23’47. L’expert Gobert « pourrait être pour, il pourrait être contre ; il ne se mouille pas trop ». Gobert ne se montra pas le moins du monde dubitatif. Il écrit dans son rapport : « La lettre anonyme incriminée pourrait être d’une personne autre que celle soupçonnée » et expliquera plus tard : « [Je] dis au général Gonse qu’il y avait lieu de prendre des précautions infinies, que le bordereau ne m’apparaissait pas du tout comme étant de la main de Dreyfus. J’engageai le général Gonse à une très grande circonspection. Je le priai de faire faire des recherches. » Et son rapport fut écarté (une étude entachée « sinon de nullité, au moins de suspicion » dit l’acte d’accusation de 1894) au motif qu’il avait cherché à savoir qui était la personne soupçonnée. En fait, il n’avait rien cherché à savoir mais Du Paty, qui lui avait transmis le dossier, avait laissé à l’intérieur le nom du suspect. Cela dit, en quoi le fait d’avoir cette information rendait son étude irrecevable sinon parce qu’elle n’allait pas dans le sens souhaité ?
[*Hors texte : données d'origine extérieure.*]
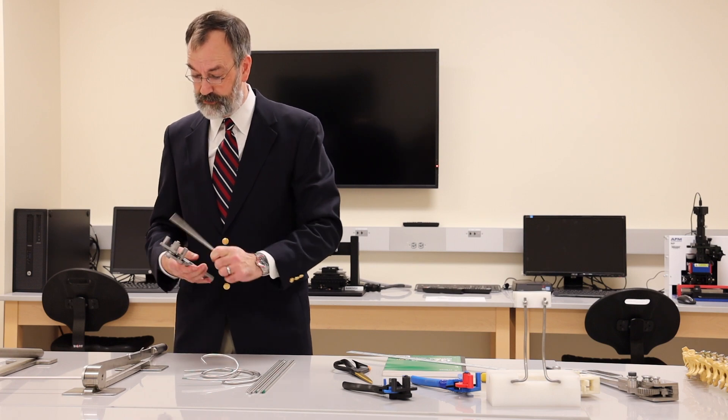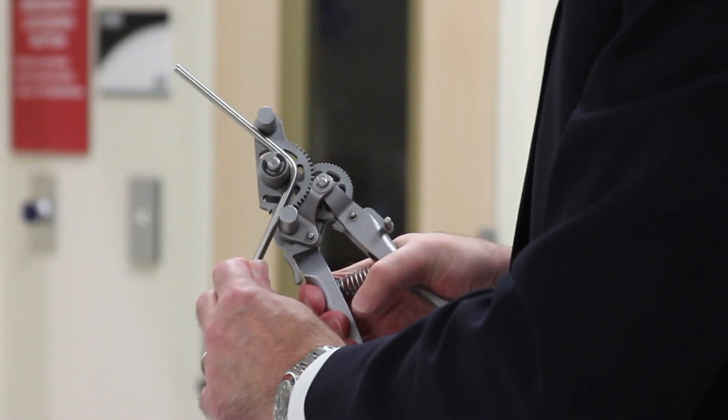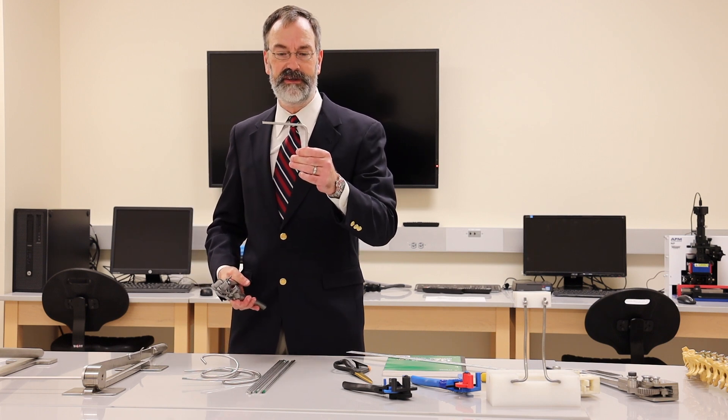We can demonstrate the rod bender's capability of doing the 90-degree bend straight away on this quarter inch rod. The biggest surprise most people have is how smooth it is and how easy it is to operate.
26’88. La dictée. Dreyfus « modifie son écriture ». Non, aucunement, et il suffit d’aller voir le document pour en être sûr : https://wp.me/p4v5fs-23J et : https://wp.me/p4v5fs-2aH

27’26. La dictée. L’histoire des 5° degrés. Il faisait froid et d’autant plus froid qu’un grand feu, dont parle Dreyfus et que confirme Gribelin à Rennes, brûlait dans la cheminée. Il était donc imaginable d’avoir froid aux doigts.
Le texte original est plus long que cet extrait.